Apache Airflow is an open-source workflow management platform for data engineering pipelines. It was chosen as our ETL process scheduler. Airflow was deployed to OpenShift using Helm Chart downloaded to the local directory (laptop with Windows). It also can be installed directly from helm-chart repository ([https://airflow.apache.org/docs/helm-chart/stable/index.html])
(The installation requires OpenShift CLI (oc) and helm to be installed on your OS)
- Connect to OpenShift platform. From [https://oauth-openshift.apps.silver.devops.gov.bc.ca/oauth/token/display] get the API token. Copy oc command with the token to login and run it from your laptop. (Laptop should have access to government’s OpenShift). The example of your command: oc login --token=sha256~yxiCAMwFD_XXX --server=https://api.silver.devops.gov.bc.ca:6443 Logged into [https://api.silver.devops.gov.bc.ca:6443] as "username@github" using the token provided.
- Choose the project you going to deploy or upgrade Airflow to.
- Run the helm command to install/upgrade Airflow: helm.exe upgrade --install airflow C:\path-to-helm-chart\helm-v3.14.3-windows-amd64\windows-amd64\airflow-1.13.0\airflow-1.13.0\airflow --namespace c2da03-test -f C:\Users\tatiana.pluzhnikova\Downloads\helm-v3.14.3-windows-amd64\windows-amd64\airflow-1.13.0\airflow-1.13.0\airflow\override-values-c2da03-test.yaml
This command uses the downloaded helm-chart for installation and the default settings will be overwritten with override-values-c2da03-test.yaml file which can be found in GitHub [https://github.com/bcgov/medis-scheduler/blob/6ef9eb0d6c5d61751b796123ae13484d29ca9de8/airflow/override-values-c2da03-test.yaml]
- Airflow can be accessed at [https://airflow-webserver-c2da03-test.apps.silver.devops.gov.bc.ca/] and [https://airflow-webserver-c2da03-prod.apps.silver.devops.gov.bc.ca/]
- The DAGs are stored in GitHub (medis-scheduler/dags at main · bcgov/medis-scheduler (github.com)) and being synced to Airflow every 10 seconds from test branch to test Airflow and from main branch to prod Airflow. (We try to do changes it test branch first then do pull request to main branch)
- We use Airflow Variables for more flexibility, so some parameters can be modified without touching the DAGs. The variables can be exported and imported to/from json format file and we keep them in GitHub [https://github.com/bcgov/medis-scheduler/tree/6ef9eb0d6c5d61751b796123ae13484d29ca9de8/airflow]
Airflow scheduler perform the same ETL steps as described there: https://proactionca.ent.cgi.com/confluence/pages/viewpage.action?spaceKey=BCMOHAD&title=ETL+process+design and ([https://proactionca.ent.cgi.com/confluence/display/BCMOHAD/Manual+trigger+for+ETL+process] ) plus we added extra steps for error handling, email notifications…

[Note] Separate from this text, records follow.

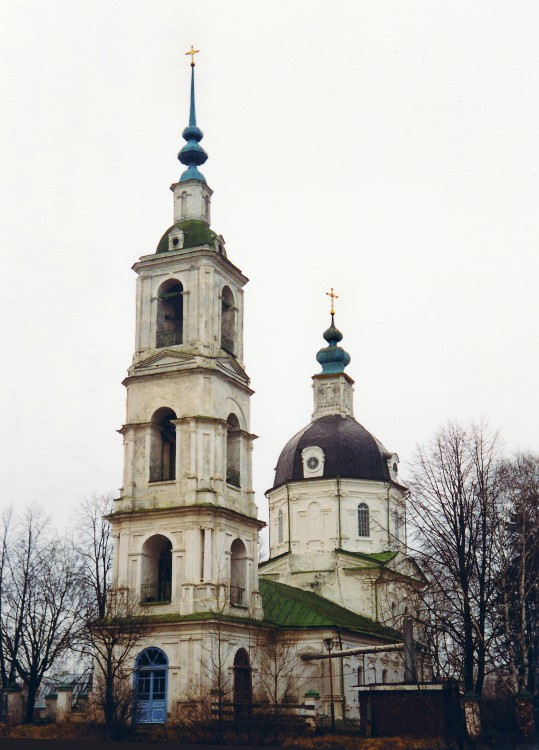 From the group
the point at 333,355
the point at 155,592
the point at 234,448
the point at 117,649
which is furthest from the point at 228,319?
the point at 333,355

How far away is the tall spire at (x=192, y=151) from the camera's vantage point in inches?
1529

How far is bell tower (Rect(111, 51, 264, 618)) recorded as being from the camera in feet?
108

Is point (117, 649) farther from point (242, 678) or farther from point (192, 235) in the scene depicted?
point (192, 235)

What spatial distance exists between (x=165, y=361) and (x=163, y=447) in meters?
3.11

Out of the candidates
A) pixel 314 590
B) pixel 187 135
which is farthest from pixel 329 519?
pixel 187 135

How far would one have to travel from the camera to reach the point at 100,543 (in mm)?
41875

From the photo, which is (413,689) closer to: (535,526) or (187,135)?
(535,526)

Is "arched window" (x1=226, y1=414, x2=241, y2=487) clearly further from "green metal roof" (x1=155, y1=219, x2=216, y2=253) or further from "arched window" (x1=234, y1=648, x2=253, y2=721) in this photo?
"green metal roof" (x1=155, y1=219, x2=216, y2=253)

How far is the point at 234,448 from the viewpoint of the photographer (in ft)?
119

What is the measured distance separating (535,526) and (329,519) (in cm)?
1516

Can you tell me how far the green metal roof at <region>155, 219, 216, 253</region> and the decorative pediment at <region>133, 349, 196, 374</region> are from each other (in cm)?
422

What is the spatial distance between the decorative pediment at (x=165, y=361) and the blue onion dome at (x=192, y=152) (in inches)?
299

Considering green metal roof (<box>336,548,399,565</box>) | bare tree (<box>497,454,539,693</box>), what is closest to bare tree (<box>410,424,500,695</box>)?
bare tree (<box>497,454,539,693</box>)

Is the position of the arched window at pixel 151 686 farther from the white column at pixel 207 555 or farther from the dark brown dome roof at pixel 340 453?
the dark brown dome roof at pixel 340 453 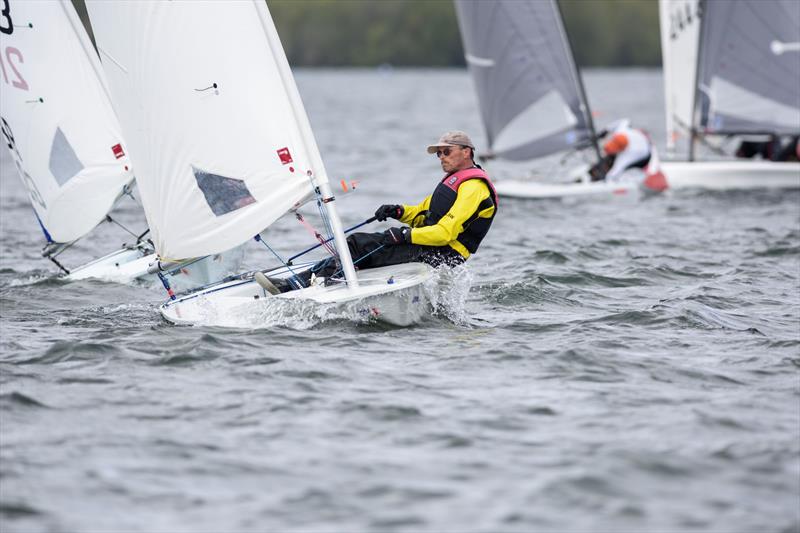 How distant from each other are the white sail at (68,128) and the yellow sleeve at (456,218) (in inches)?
127

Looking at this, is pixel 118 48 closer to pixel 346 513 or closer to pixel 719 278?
pixel 346 513

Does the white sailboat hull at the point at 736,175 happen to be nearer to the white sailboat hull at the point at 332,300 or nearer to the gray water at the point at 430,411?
the gray water at the point at 430,411

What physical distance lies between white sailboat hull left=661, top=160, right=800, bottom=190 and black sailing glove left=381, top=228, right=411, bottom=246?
25.8 ft

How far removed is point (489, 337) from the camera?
6594 millimetres

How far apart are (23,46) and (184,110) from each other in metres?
2.86

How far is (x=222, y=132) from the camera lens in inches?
258

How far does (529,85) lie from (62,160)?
277 inches

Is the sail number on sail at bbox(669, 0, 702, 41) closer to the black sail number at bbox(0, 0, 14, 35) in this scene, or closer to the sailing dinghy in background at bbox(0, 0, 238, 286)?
the sailing dinghy in background at bbox(0, 0, 238, 286)

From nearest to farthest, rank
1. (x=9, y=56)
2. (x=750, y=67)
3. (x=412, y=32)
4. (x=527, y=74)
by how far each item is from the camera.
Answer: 1. (x=9, y=56)
2. (x=750, y=67)
3. (x=527, y=74)
4. (x=412, y=32)

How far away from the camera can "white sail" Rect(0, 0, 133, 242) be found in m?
9.00

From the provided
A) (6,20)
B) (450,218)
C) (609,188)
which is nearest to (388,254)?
(450,218)

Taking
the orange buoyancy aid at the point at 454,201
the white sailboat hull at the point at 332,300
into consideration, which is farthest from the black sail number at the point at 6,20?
the orange buoyancy aid at the point at 454,201

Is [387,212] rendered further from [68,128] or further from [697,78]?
[697,78]

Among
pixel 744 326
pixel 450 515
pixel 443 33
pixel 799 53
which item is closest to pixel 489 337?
pixel 744 326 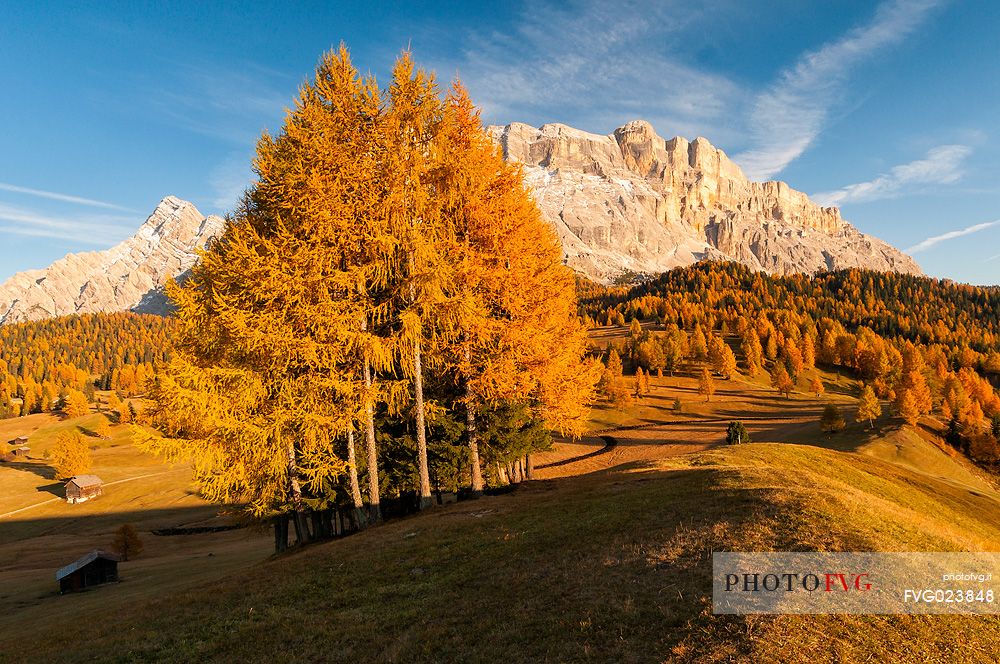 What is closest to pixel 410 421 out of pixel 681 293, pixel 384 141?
pixel 384 141

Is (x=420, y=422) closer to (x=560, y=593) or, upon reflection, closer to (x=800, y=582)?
(x=560, y=593)

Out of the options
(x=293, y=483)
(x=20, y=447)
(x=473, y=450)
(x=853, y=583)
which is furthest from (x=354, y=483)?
(x=20, y=447)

- The extract phase is done by calling ETL service endpoint in OpenShift with Airflow HttpOperator. The URLs for each form being extracted are defined as Airflow variables. The payload is hardcoded in DAG.
- Files uploader is implemented as a job on OpenShift and triggered by Airflow KubernetesJobOperator (task PCD_file_upload or MEDIS_file_upload) The job spins a pod that executes upload.sh file that creates combined medis_ltc.flag file, uploads all encrypted files, uploads newly created flag file, moves all files into archive directory and also deletes files from archive directory that are older than specified retention period. ([https://proactionca.ent.cgi.com/confluence/display/BCMOHAD/Manual+trigger+for+ETL+process])
- Docker[https://docs.docker.com/engine/install/]
- Docker Compose[https://docs.docker.com/compose/install/]
-
Create "config", "logs" and "plugins" directories on the same level as dags.
-
Run the following command to initialize the Docker Containers.
docker-compose up airflow-init
- Run the following command to start the Airflow instance.
docker-compose up
-
You can access the Airflow instance at http://localhost:8080/, and log in with username "airflow" and password "airflow".
-
You can then start or stop the deployment when developing.
- Run the following command to delete all containers and free up memory.
docker-compose down --volumes --remove-orphans